----- RECORDS FOR THE TASK
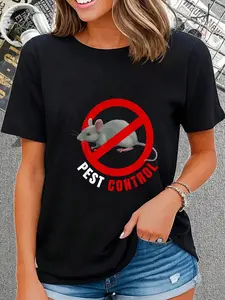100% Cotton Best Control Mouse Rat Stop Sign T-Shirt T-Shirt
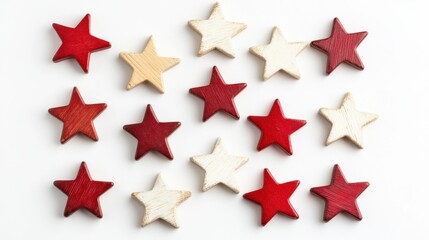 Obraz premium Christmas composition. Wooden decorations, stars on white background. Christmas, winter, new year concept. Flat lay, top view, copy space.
----------
----- RECORDS FOR THE TASK
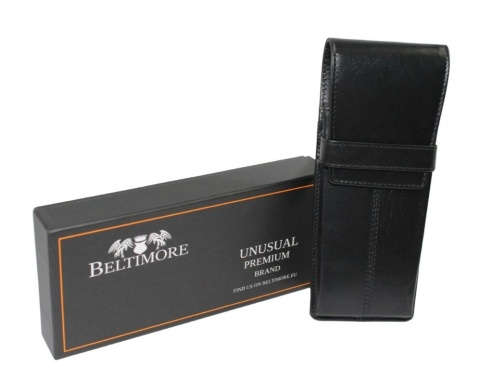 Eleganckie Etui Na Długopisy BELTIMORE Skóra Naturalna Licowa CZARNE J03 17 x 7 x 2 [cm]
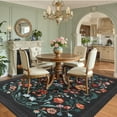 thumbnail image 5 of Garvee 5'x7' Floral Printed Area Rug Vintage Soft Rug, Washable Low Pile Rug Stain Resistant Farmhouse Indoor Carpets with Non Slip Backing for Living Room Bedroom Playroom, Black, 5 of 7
----------
- _TASK TO CARRY OUT_
For the entries above, print exactly the lines between the one with "100% Cotton Best" and the one with "Obraz premium Christmas", inclusive, with no pictures.

- _OUTPUT OF THE EXERCISE_
100% Cotton Best Control Mouse Rat Stop Sign T-Shirt T-Shirt
 Obraz premium Christmas composition. Wooden decorations, stars on white background. Christmas, winter, new year concept. Flat lay, top view, copy space.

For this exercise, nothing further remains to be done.